Er, golden greenish tunnel of light, leading to a brilliant white portal at the vanishing point, hello?

The NYT graphic is after Thurber, not Tufte, and should be so judged.

2

David Wright 08.01.07 at 4:32 am

Okay, I’ll bite. What’s wrong with using a pie chart to represent a distribution across a small number of categories?

Certainly for a scientific paper a graphical representation of such simple data is unnecessary, but for a newspaper article I don’t see the problem.

3

Dan Simon 08.01.07 at 4:57 am

How hard can it be to come up with faithful, compelling graphic representations of data? They manage to do it all the time, over at The Onion.

4

dsquared 08.01.07 at 6:48 am

I agree with David Wright. A pie chart is a perfectly honest chart and the taboo against them is just another example of the way in which self-appointed design gurus get their arbitrary pronouncements taken on far too uncritically. I think the square-blob thing is a consequence of someone somewhere having taken on the fatwa against pie charts.

5

pete 08.01.07 at 8:12 am

I found this example pretty convincing.

6

bad Jim 08.01.07 at 9:01 am

This may not be the most durable link to my conception of a cake chart, um, pie chart, but as Lowell George said, “Thanks! I’ll eat it here!”

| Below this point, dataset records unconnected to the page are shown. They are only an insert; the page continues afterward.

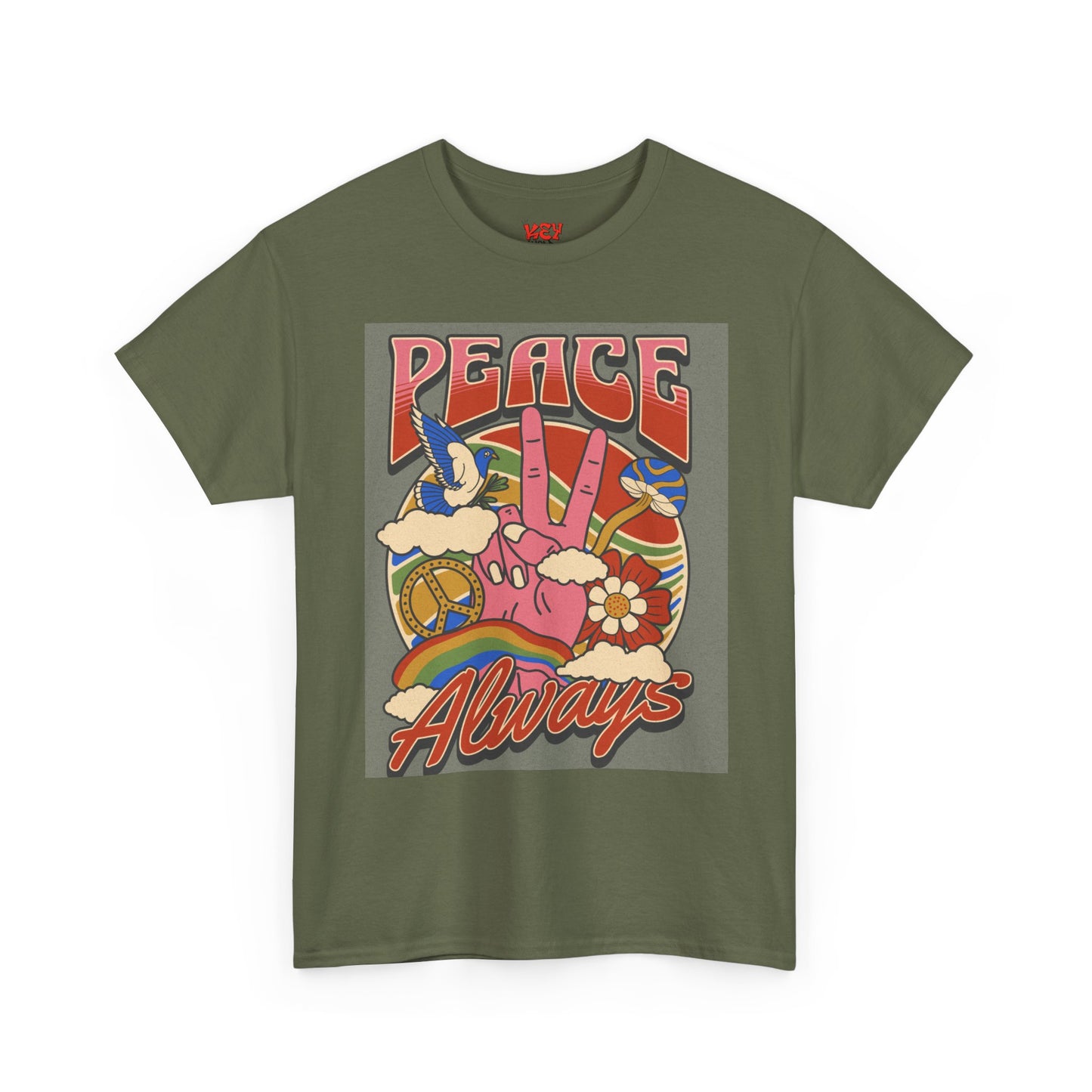 Peace Always T-Shirt – Retro 70s Hippie Peace Sign Graphic Tee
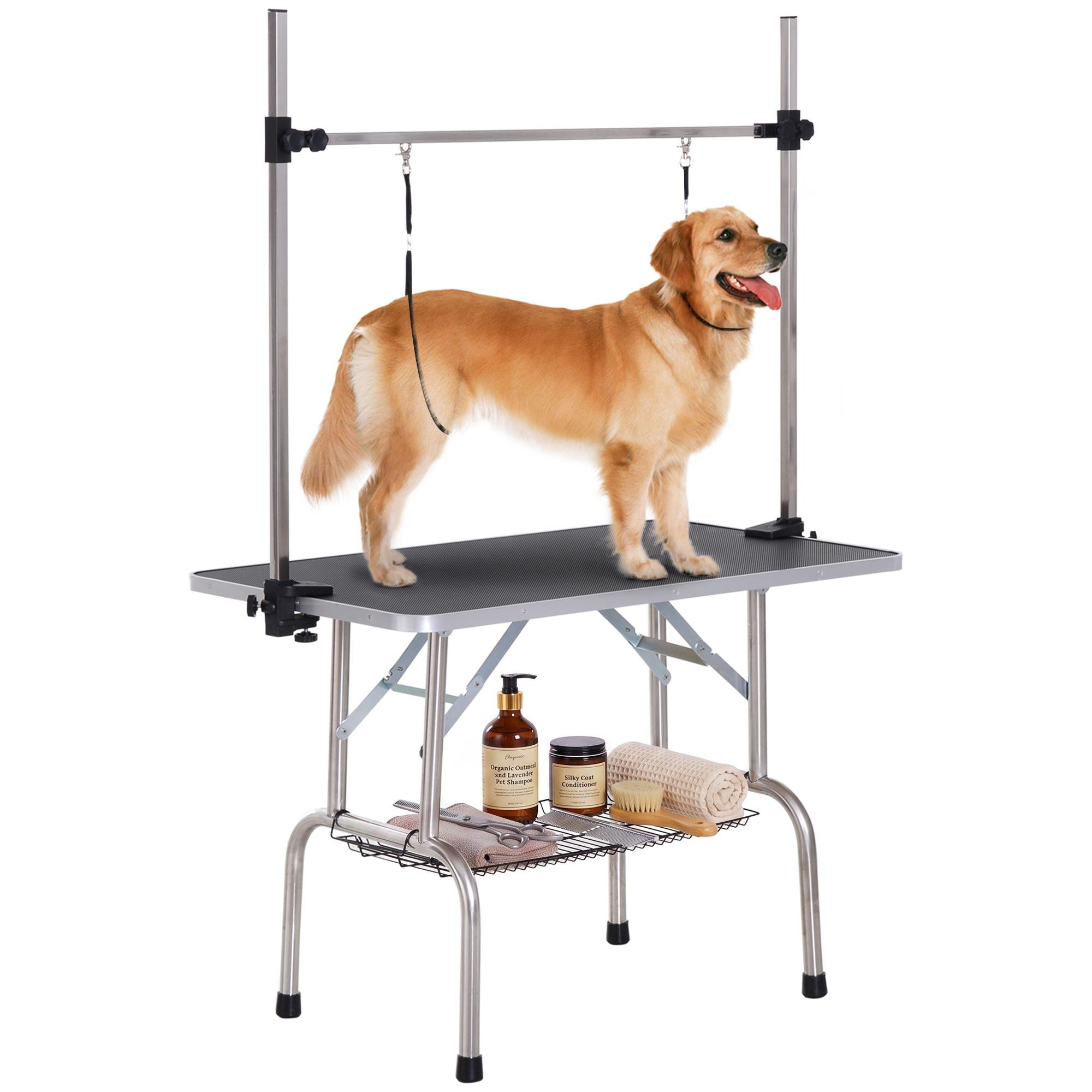 Black Adjustable Dog Grooming Table with Storage Basket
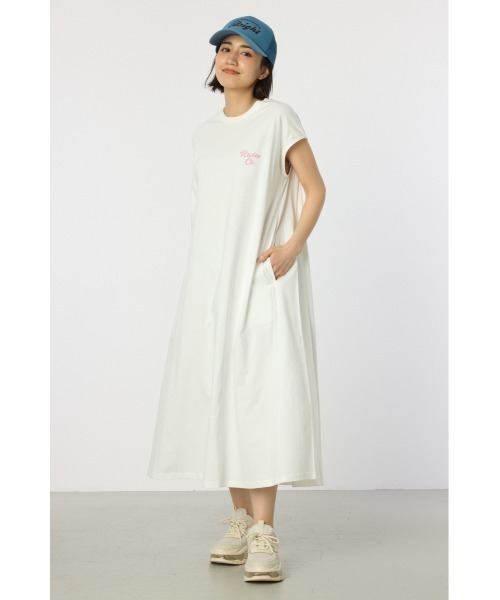 RODEO CROWNS WIDE BOWL（ロデオクラウンズワイドボウル）の「配色ステッチノースリーブワンピース（ワンピース・レディース・ライトカーキ/オレンジ/ブラック/オフホワイト・FREE）」の2枚目の写真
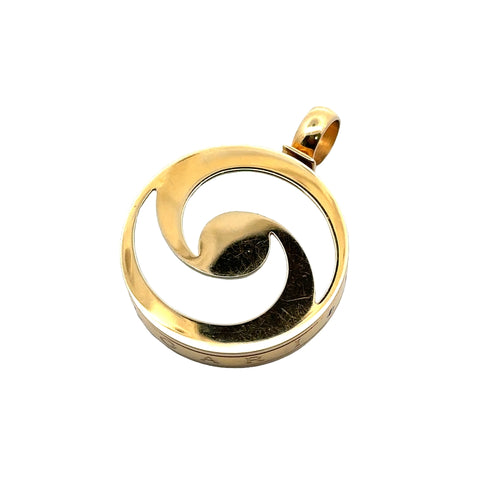 18kt Bulgari Mother of Pearl Optical Illusion Pendant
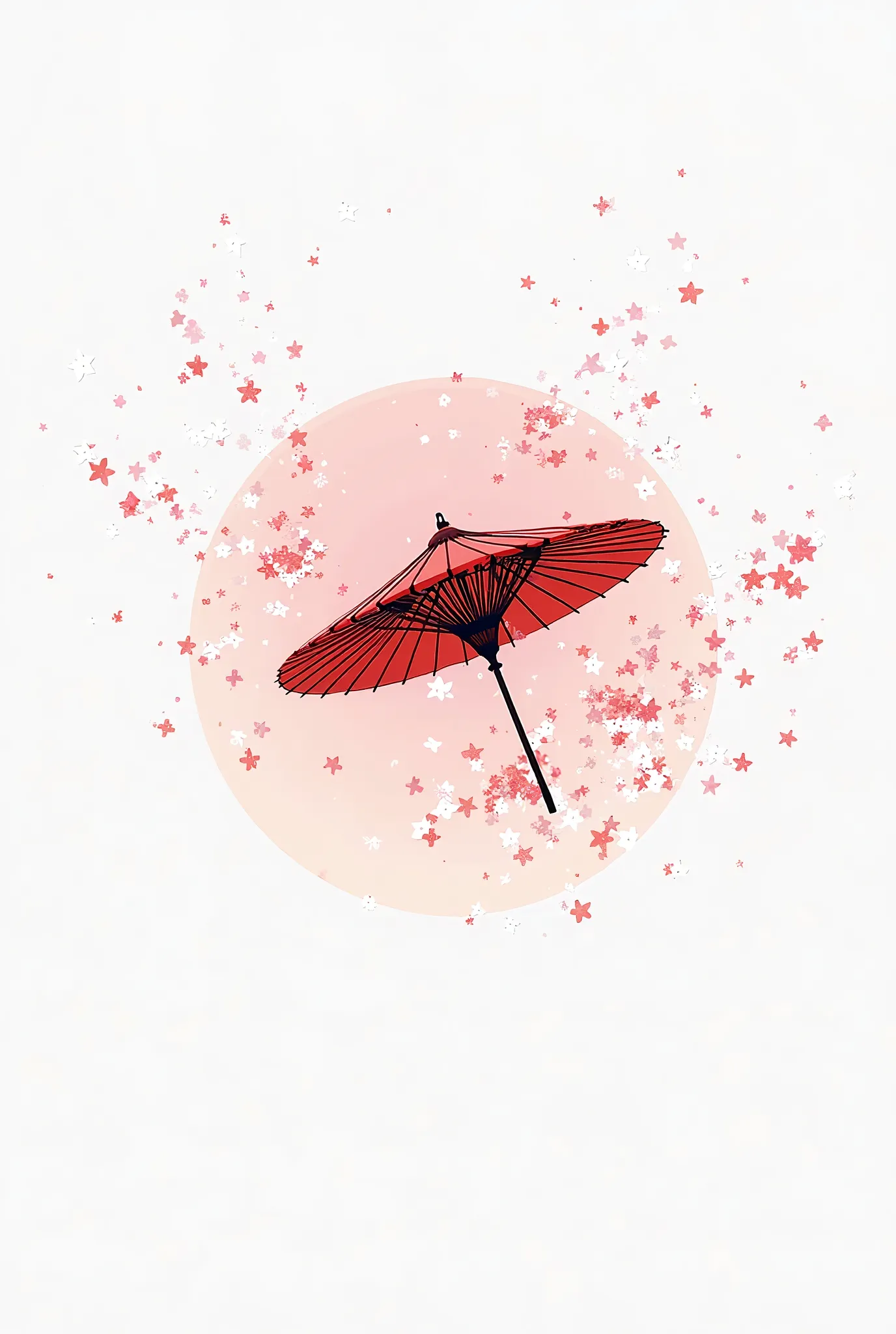 Top view of a red Japanese umbrella、 cherry blossoms dance、White background design 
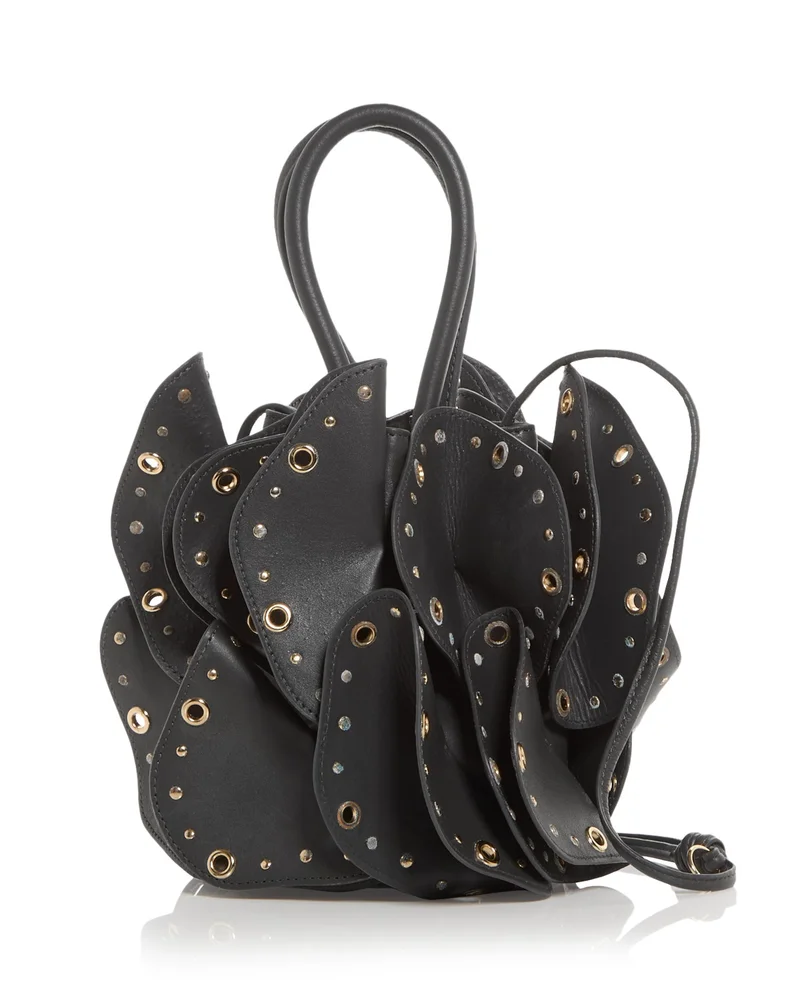 Flower Stud Leather Shoulder Bag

Neon Parks, cover for Little Feat, “Sailing Shoes”

7

Stuart 08.01.07 at 9:04 am

Pie charts can be useful to show certain things though.

8

dsquared 08.01.07 at 11:58 am

I utterly disagree with the analysis linked in 5 above. The pie chart conveys the correct impression, which is that all five segments are roughly the same size. The bar chart (particularly sorted by size) leads you to believe that there is something important about the black bar.

9

Kieran Healy 08.01.07 at 11:58 am

Sorry, dsquared, you’re wrong. Relative areas are just much harder to judge than relative length or relative position along a scale. And that’s why it’s not a good idea to use pie charts.

10

Kieran Healy 08.01.07 at 12:06 pm

The pie chart conveys the correct impression, which is that all five segments are roughly the same size. The bar chart (particularly sorted by size) leads you to believe that there is something important about the black bar.

On this point both the bar chart and the pie chart have a problem. Because the example is a completely abstract set of numbers, you don’t know whether all five segments or all five lines really are “about the same size.” There are many cases where the difference between 15 and 23 might be very large or obvious or a big chunk of the observed variation. In other cases it would be a trivial difference. The solution is not to use a pie chart but to use an appropriate baseline for the scale rather than automatically stretching it to zero.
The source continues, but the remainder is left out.